Помочь разобраться в разноголосице мнений, научить режиссеров, особенно молодых, отличать подлинное искусство от модных поделок могла бы кинокритика. Но, упиваясь исследованием творческого процесса западных мастеров, наши эксперты, в лучшем случае, не замечали достижений отечественного искусства или вели дружный отстрел вполне достойных работ. Наше кино объявлялось провинциальным, конформистским, примитивным. Вроде бы затаились в шалаше охотники и ждут, пока со студии вылетит очередная птица, чтобы тут же открыть пальбу и если не убить, то хотя бы подранить ее бекасинником. Медали за заслуги перед музой экрана выдавались избирательно, в основном ценилось, ежели режиссер, ставя фильм, держал кукиш в кармане.

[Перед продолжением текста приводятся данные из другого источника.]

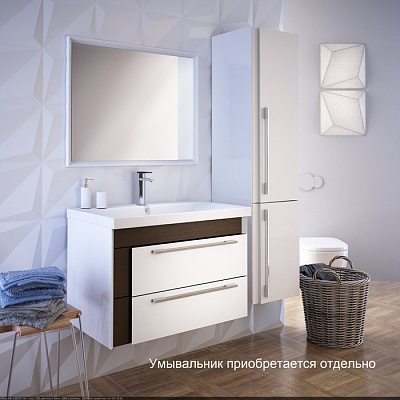 Тумба под раковину Iddis Color Plus COL90W0i95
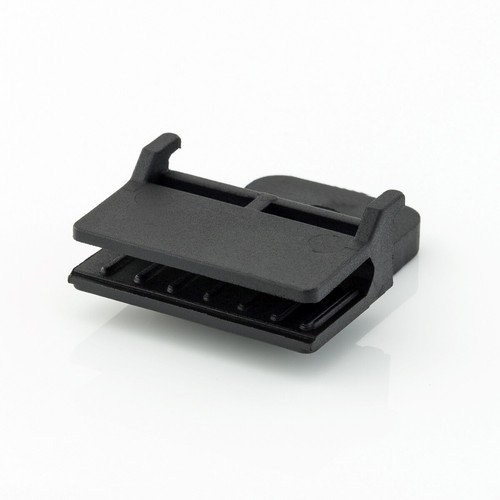 2x Vitres Fenêtre Latérale Vitres de Portes Support Clips pour Isuzu D-Max Rodeo - Picture 3 of 4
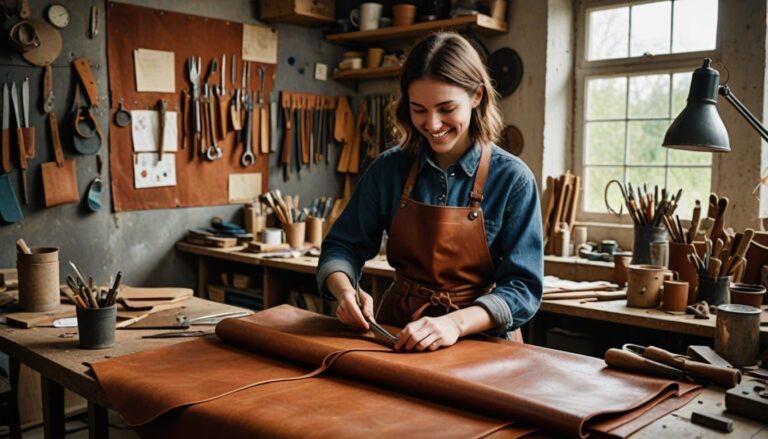 Valorisez votre savoir-faire en tant que Retoucheuse en cuir avec notre modèle de lettre de motivation sur mesure !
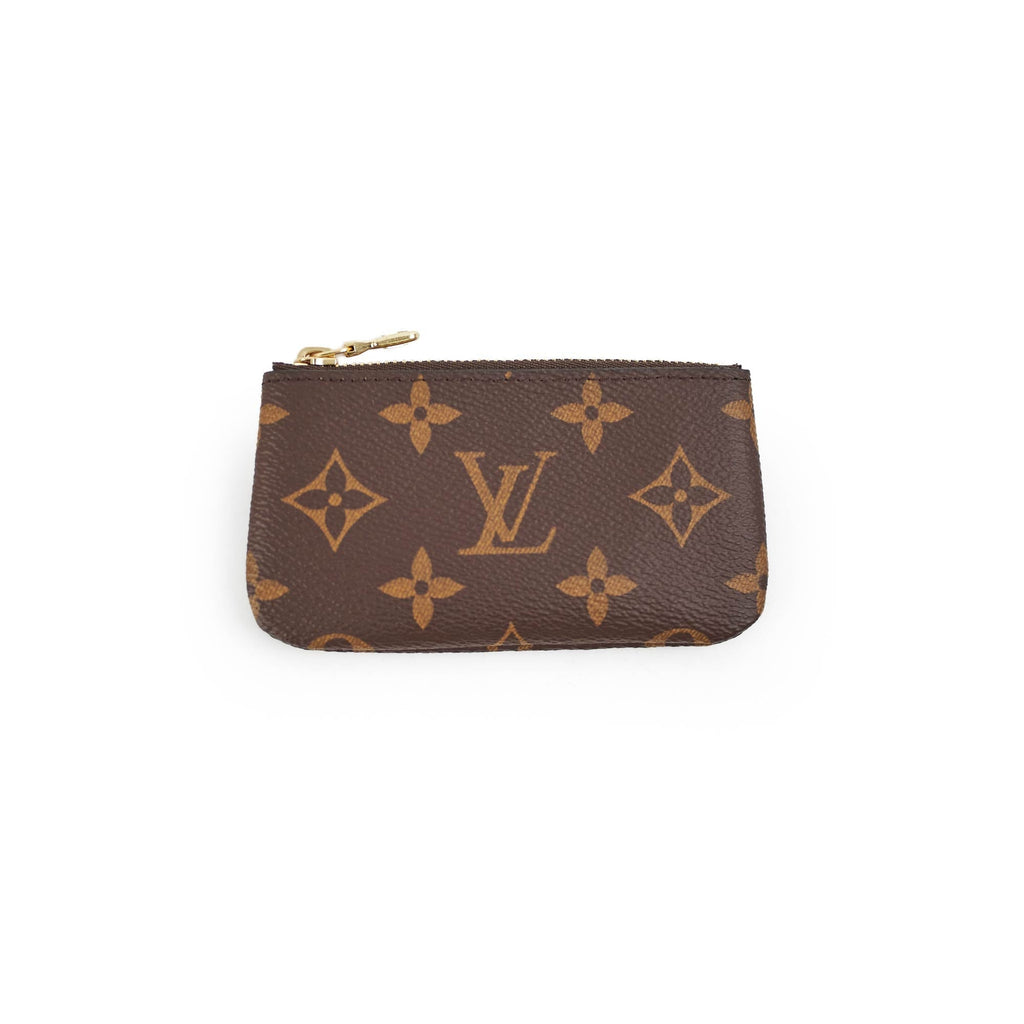 Louis Vuitton Key Pouch Monogram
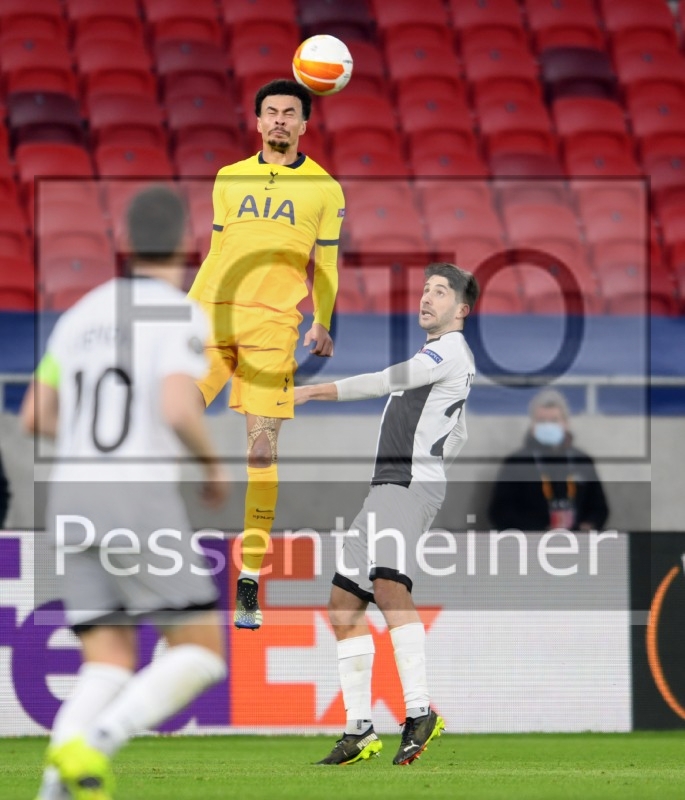 Wolfsberger AC / WAC - Tottenham Hotspurs (18.02.2021)_2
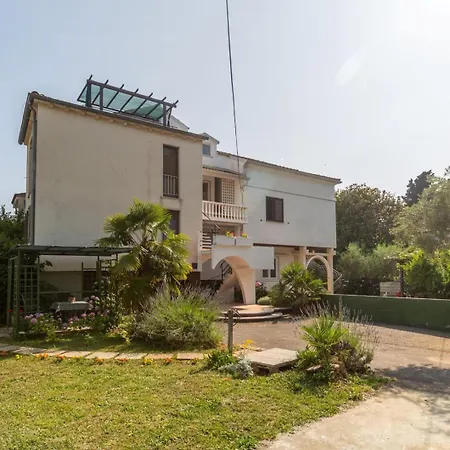 Guest house Apartmetns Latice Umag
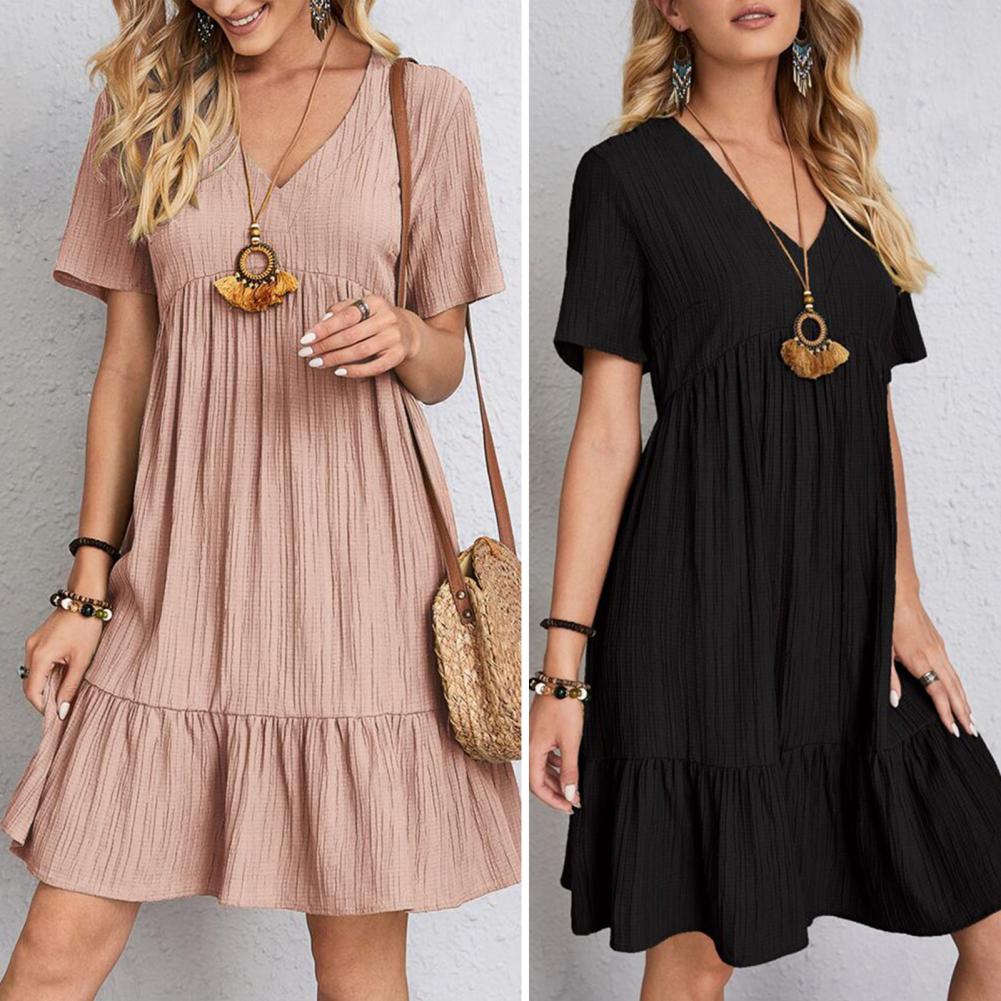 Lilia | Chic Flattering Dress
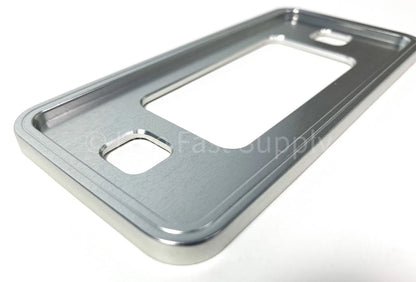 Low Side Marker Bezels Anodized Aluminum for 1970–1977 Ford Bronco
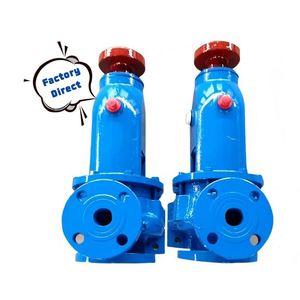 Bomba centrífuga de succión final de 4 pulgadas OEM personalizada, bomba de agua eléctrica para riego agrícola y ciclo de refrigeración industrial - Product Image 3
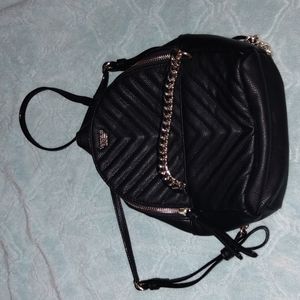 NWOT Victoria's Secret mini backpack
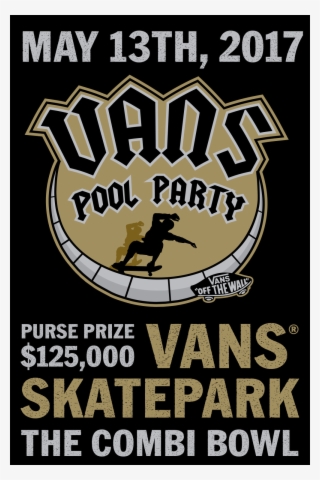 Vans Pool Party 2017 #9621647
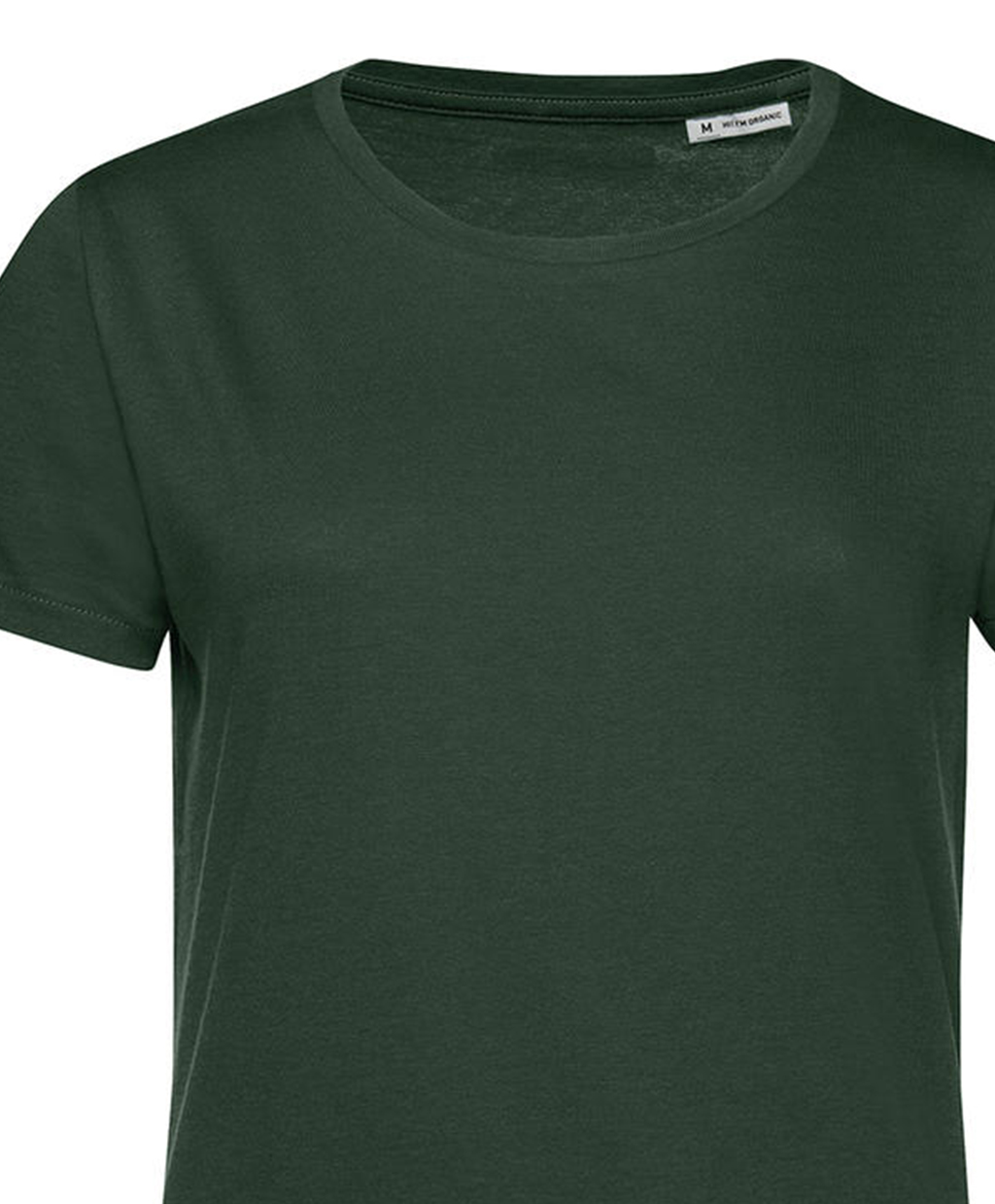 Γυναικείο T-Shirt TW02B B & C E150 Forest Green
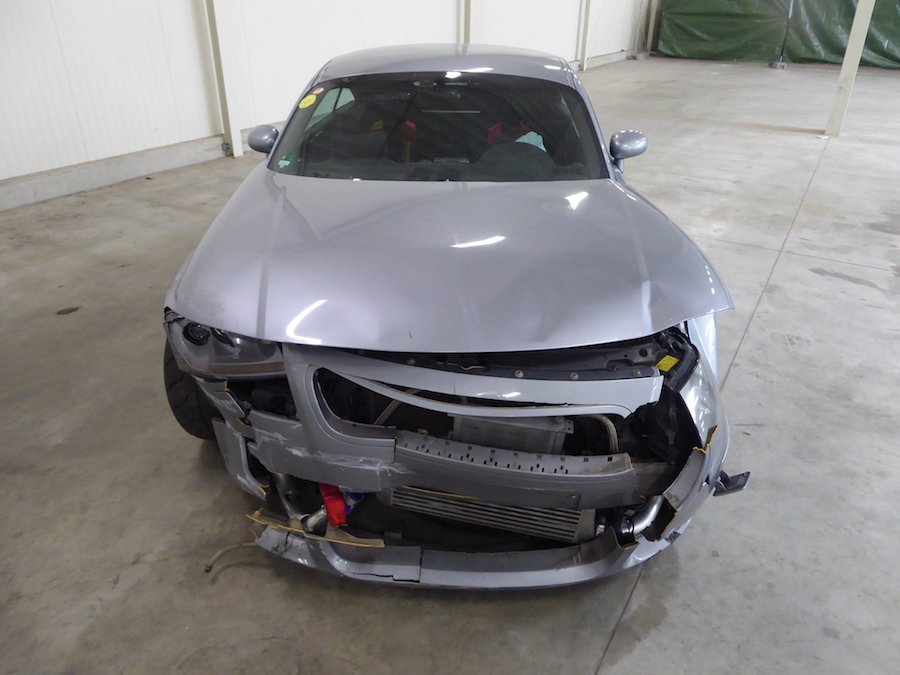 Unfaller: AUDI TT 1.8T Coupe Ringtool (8N)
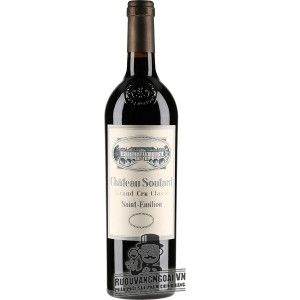 Vang Pháp Chateau Soutard Grand Cru Classe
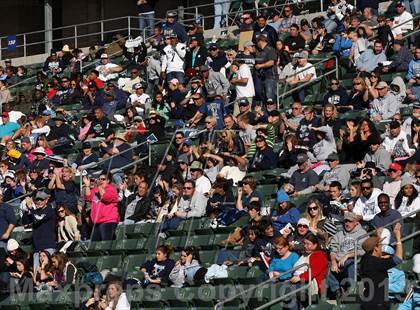 Thumbnail 2 in Marin Catholic vs. Madison (CIF State D3 Final) photogallery.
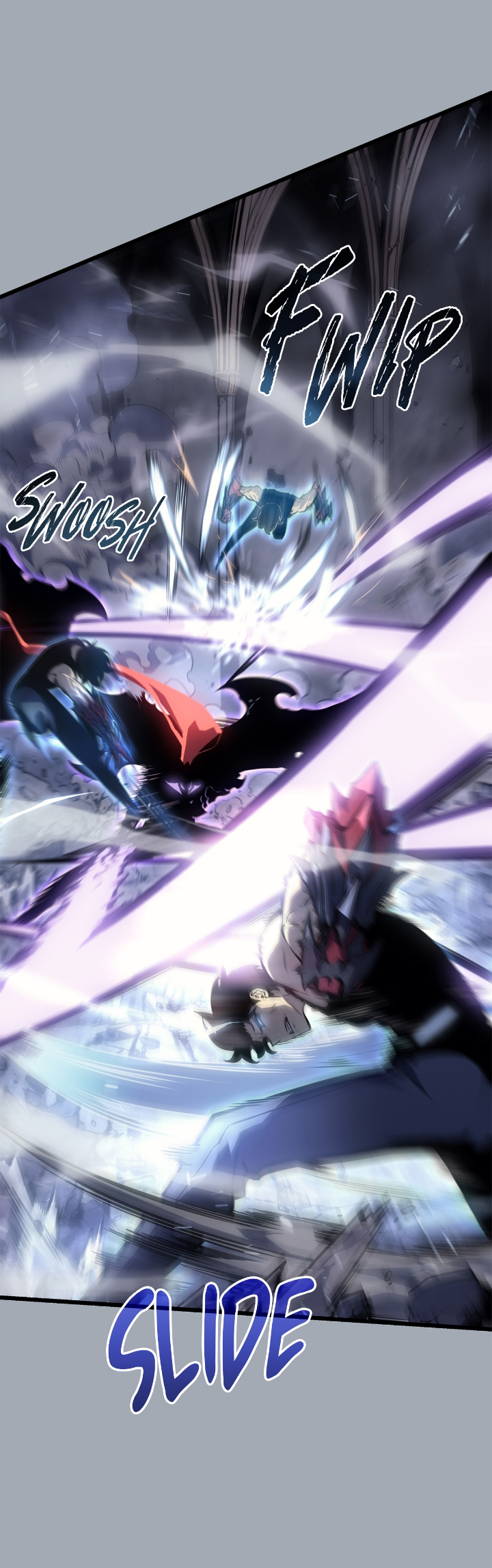 Read Solo Leveling (IT) Manga Online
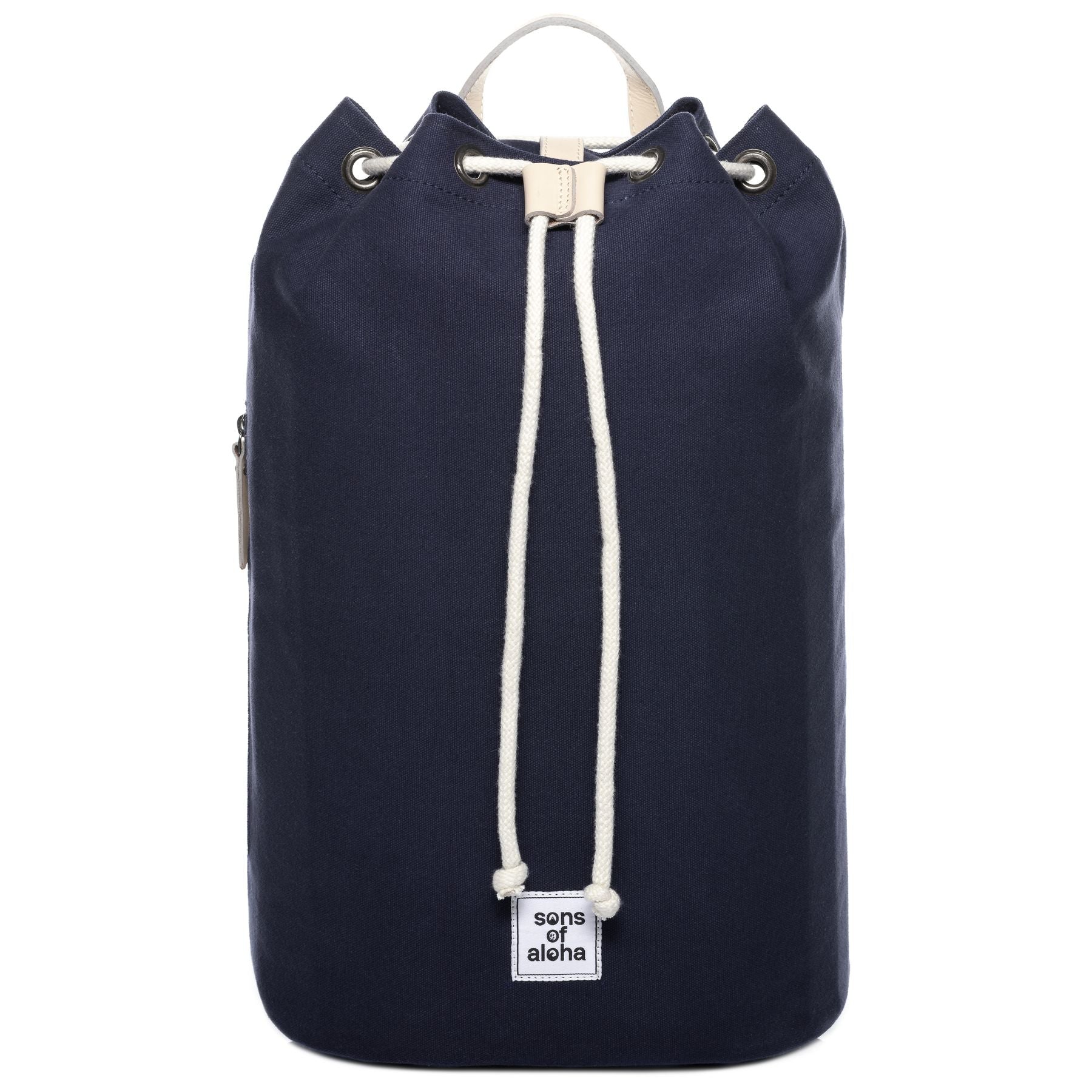 SONS OF ALOHA Seesack & Rucksack Canvas MALU rosa blau 34470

С отеческой снисходительностью встречались работы великого и неповторимого комедиографа Леонида Гайдая. Любимая народом комедия была признана жанром, недостойным серьезного критического разбора и одобрения. Клепает безродный выходец из глубин каторжной Сибири веселые пустячки, ну и Бог с ним. А боги искусства и вели его по дороге всенародной любви и славы. Сотни картин канули в Лету, а “Бриллиантовая рука”, “Джентльмены удачи”, “Кавказская пленница”, “Операция “Ы” полвека живут, не старея, и непременно возникают в праздничной программе телевидения как подарок народу.
Сколько помню, ни один из критиков не сказал доброго слова о картине Ивана Пырьева “Кубанские казаки”, которой приклеили ярлык “лакировочного фильма”, “показухи” о жизни колхозной деревни. Удивительная солидарность критиков со Сталиным, который прихлопнул оперу на сюжет из колхозной жизни в Большом театре со сходной формулировкой. Но кто сказал, что Пырьев ставил перед собой задачу создать реалистическое произведение, в духе “Председателя” или “Аси Клячиной”? Это была откровенная музыкальная комедия, пожалуй, первая попытка создать советский мюзикл. Я, кстати, в 1944 году лечился в Кисловодске и помню цветистую роскошь пятигорских ярмарок. Ослепленные классовой непримиримостью ястребы пера неутомимо клевали выдающегося режиссера. К эстетическому анализу это не имело никакого отношения, велись чистой воды политические разборки, направленные на уничтожение неистового Ивана. На каждой студии были таланты и выращивались подлинные жемчужины искусства, но критика вожделенно глядела на Запад.